Records from a dataset
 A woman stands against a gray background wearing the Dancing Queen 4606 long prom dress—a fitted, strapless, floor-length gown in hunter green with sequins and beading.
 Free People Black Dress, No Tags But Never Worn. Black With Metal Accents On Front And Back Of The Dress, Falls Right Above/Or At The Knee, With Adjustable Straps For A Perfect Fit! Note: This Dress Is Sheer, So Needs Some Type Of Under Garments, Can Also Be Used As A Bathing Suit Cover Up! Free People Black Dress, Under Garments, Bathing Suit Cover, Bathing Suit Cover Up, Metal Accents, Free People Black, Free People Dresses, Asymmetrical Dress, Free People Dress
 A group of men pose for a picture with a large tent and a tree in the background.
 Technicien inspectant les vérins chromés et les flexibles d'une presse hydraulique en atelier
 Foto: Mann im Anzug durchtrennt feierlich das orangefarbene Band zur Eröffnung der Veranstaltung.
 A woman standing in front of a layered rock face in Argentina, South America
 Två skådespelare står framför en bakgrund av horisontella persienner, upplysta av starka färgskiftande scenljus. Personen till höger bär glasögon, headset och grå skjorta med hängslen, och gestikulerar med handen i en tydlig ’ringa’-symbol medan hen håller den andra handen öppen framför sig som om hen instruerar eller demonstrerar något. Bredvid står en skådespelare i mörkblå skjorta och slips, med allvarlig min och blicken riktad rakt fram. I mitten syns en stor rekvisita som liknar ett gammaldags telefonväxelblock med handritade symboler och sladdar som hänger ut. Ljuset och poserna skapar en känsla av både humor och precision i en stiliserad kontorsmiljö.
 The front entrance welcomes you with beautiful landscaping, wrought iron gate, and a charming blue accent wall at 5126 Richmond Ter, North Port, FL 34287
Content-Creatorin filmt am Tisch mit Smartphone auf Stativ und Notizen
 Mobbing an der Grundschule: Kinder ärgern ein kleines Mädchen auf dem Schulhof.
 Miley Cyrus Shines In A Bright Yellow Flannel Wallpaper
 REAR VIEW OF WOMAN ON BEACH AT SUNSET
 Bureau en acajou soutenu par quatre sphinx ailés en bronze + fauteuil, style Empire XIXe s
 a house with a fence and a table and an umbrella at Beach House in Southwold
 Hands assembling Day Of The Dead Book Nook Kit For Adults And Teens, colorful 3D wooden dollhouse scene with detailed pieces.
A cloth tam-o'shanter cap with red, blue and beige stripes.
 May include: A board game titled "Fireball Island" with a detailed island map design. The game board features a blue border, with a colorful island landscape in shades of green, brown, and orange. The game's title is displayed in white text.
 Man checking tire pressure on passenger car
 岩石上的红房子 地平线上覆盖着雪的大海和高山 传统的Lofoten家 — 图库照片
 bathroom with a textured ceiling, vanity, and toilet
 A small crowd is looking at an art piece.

■ What this task involves ■
Please set down again, word for word, only the lines from the start of the entries through the line with "A woman standing", both ends included.

■ Written solution ■
 A woman stands against a gray background wearing the Dancing Queen 4606 long prom dress—a fitted, strapless, floor-length gown in hunter green with sequins and beading.
 Free People Black Dress, No Tags But Never Worn. Black With Metal Accents On Front And Back Of The Dress, Falls Right Above/Or At The Knee, With Adjustable Straps For A Perfect Fit! Note: This Dress Is Sheer, So Needs Some Type Of Under Garments, Can Also Be Used As A Bathing Suit Cover Up! Free People Black Dress, Under Garments, Bathing Suit Cover, Bathing Suit Cover Up, Metal Accents, Free People Black, Free People Dresses, Asymmetrical Dress, Free People Dress
 A group of men pose for a picture with a large tent and a tree in the background.
 Technicien inspectant les vérins chromés et les flexibles d'une presse hydraulique en atelier
 Foto: Mann im Anzug durchtrennt feierlich das orangefarbene Band zur Eröffnung der Veranstaltung.
 A woman standing in front of a layered rock face in Argentina, South America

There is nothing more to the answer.